Yes, an agreement might undo community property.
One would evaluate whether the agreement truly separates the property and, if so, whether the agreement is legally enforceable.
In doing that analysis, one might consider the internal law, and conflict-of-laws law, of each jurisdiction that might have some connection to the situation, including:
the State of company A’s organization or formation,
the State in which the first community-property interest was created,
each State in which there was (or might have been) an addition to community property,
each State in which there was insufficient accounting between separate and community property,
the domicile of each spouse,
the residence of each spouse,
the State in which each spouse signed the agreement,
the State law the agreement specifies as governing the agreement, and
the State law that governs the agreement.
A practitioner would want to fact-check the situation with no less care than Circular 230 calls for.
Before pursuing an agreement, each spouse should consider the consequences, including for property ownership, income taxes, estate planning, and estate and inheritance taxes.

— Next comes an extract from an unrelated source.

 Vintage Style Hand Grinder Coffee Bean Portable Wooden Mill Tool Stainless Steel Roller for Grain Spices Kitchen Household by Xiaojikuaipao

Under some States’ laws, an agreement might be invalid unless each spouse has separate counsel. Even when that’s not a State-law condition, S. Derrin Watson in Who’s the Employer? (1998) suggested: “Such an agreement should not even be considered unless husband and wife are separately represented by experienced counsel, even in a friendly situation.” The American College of Trust and Estate Counsel’s Commentaries on the Model Rules of Professional Conduct describes more nuanced views.